Trump’s Resilience Faces Biggest Test Yet
Donald Trump’s sense of invulnerability now faces its biggest test: grave legal threats on two fronts.
On one side, the president is up against Special Counsel Robert Mueller's Russia probe, newly energized after the conviction of his former campaign chairman Paul Manafort.
On the other, Trump is potentially contending with a separate federal investigation into campaign violations sparked by the guilty plea of his former lawyer, Michael Cohen. He contradicted Cohen’s claims in his plea that Trump directed hush payments for women who alleged past affairs with him.
Trump’s troubles are good news for Democrats, whose edge in the battle for control of the House just got a little sharper, Sahil Kapur and Billy House report.
Success would position Democrats to put the brakes on Trump’s policy agenda and to control congressional committees that have subpoena power and the authority to initiate impeachment.
But there's a silver lining for Trump in that scenario. It would allow him to campaign for re-election against a partially Democratically-controlled Congress. And Democrats would have to navigate the treacherous waters of any impeachment pursuit carefully.
Go too lightly, and they might alienate their base. Press ahead too eagerly, and they'd risk a backlash from more moderate voters, egged on by Republican claims they'd overreached.
Who's in charge? | It's a shambles. That's the view from all sides of politics in Australia as they watch Prime Minister Malcolm Turnbull's party tear itself apart in a damaging leadership battle. What began as a fallout between conservatives and moderates over his energy policy has turned into a possible three-way fight for the top job, with no guarantees Turnbull will survive.
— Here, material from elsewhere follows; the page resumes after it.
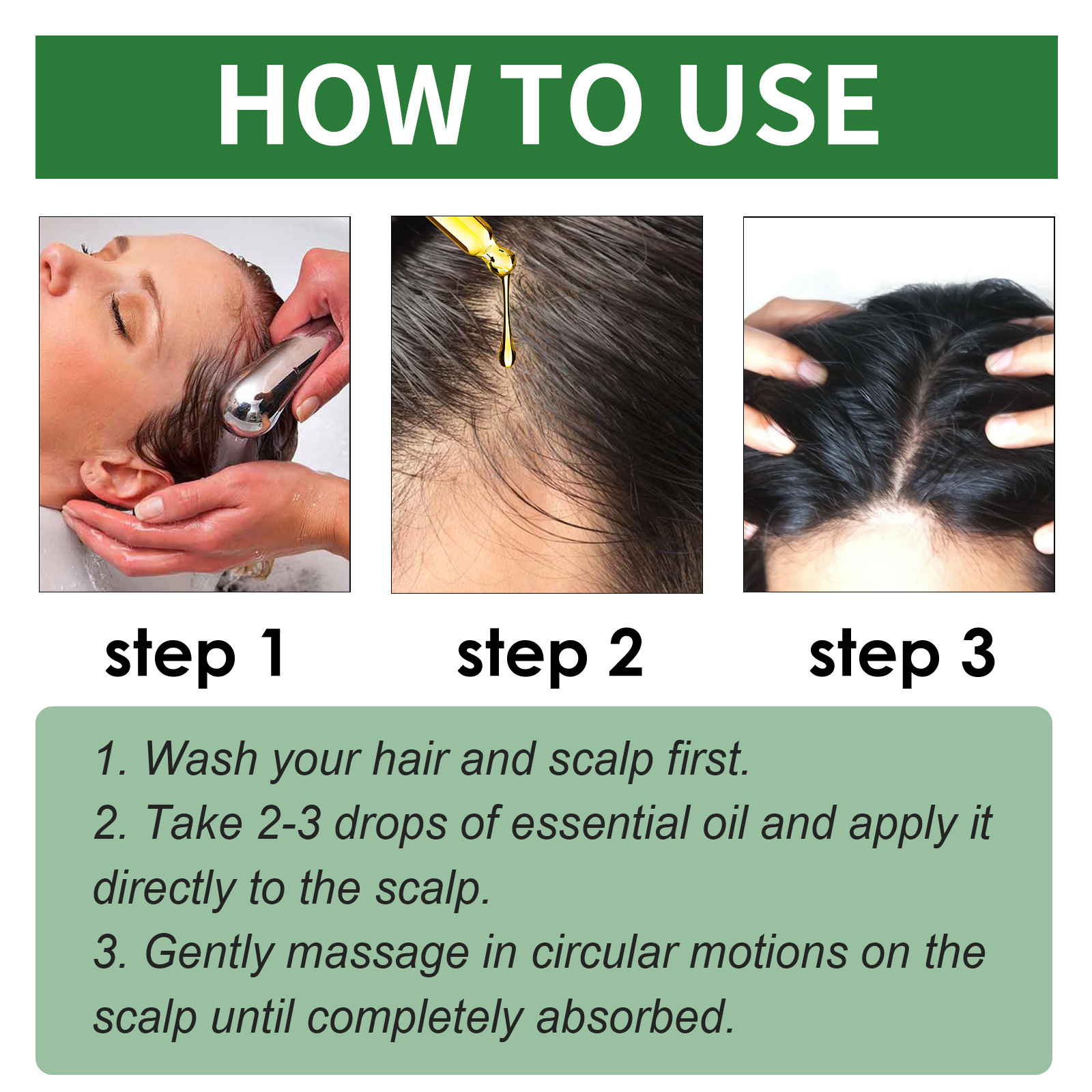 Title 4, Rosemary Dense Hair Repair, Strengthening And N...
A ballot may take place tomorrow. But for now, voters can only watch the spectacle and look toward the next election, which must be held by May.
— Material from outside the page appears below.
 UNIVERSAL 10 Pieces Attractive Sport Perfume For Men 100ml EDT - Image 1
Distraction tactic? | Trump waded into a racially-charged South African debate, tweeting that he’s asked U.S. Secretary of State Michael Pompeo to study its "land and farm seizures and expropriations.” The comment raised concern the U.S. could punish South Africa economically and triggered a selloff in the rand. President Cyril Ramaphosa has embraced land expropriation without compensation as a means to achieve equality and racial justice, but says it will be done orderly and won't be allowed to negatively affect growth or food production.
French exits | There's a new trend in France — politics is no longer being seen as a life-long vocation. As Gregory Viscusi and Geraldine Amiel report, with the two main establishment parties still in turmoil after last year's crushing defeat by Emmanuel Macron, many of the losing candidates are looking for fresh careers. They include Arnaud Montebourg, who was running for the presidency last year. Now he sells honey.
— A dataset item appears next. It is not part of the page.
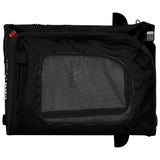 Pet Bike Trailer Black Oxford Fabric and Iron - Extra Image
Saudi Arabia crackdown | The kingdom is seeking the death penalty for five activists, including a woman, according to Human Rights Watch. The activists have been charged with participating in protests hostile to the regime and providing moral support to rioters in the Shiite-dominated Eastern Province. Although Crown Prince Mohammed Bin Salman has loosened some social restrictions, he has also unleashed a crackdown on dissent that has sparked criticism around the world and led to a diplomatic spat with Canada.
What to Watch
- Chinese and U.S. officials hold a second day of trade talks with the latest round of tit-for-tat tariffs — on $16 billion of each nation’s exports to the other — having taken effect this morning.
And finally... With Trump upending diplomatic ties around the world, Putin is finding that his chilly relationship with European leaders is thawing. Last week's meeting with Chancellor Angela Merkel -- their first sit-down on German soil since he snatched Crimea from Ukraine in 2014 -- follows calls from Italy and Austria for better relations with Moscow. With the U.S. throwing everything from European security to trade deals into question, détente with the Russian leader is becoming a top priority in Berlin and other capitals that once shunned him.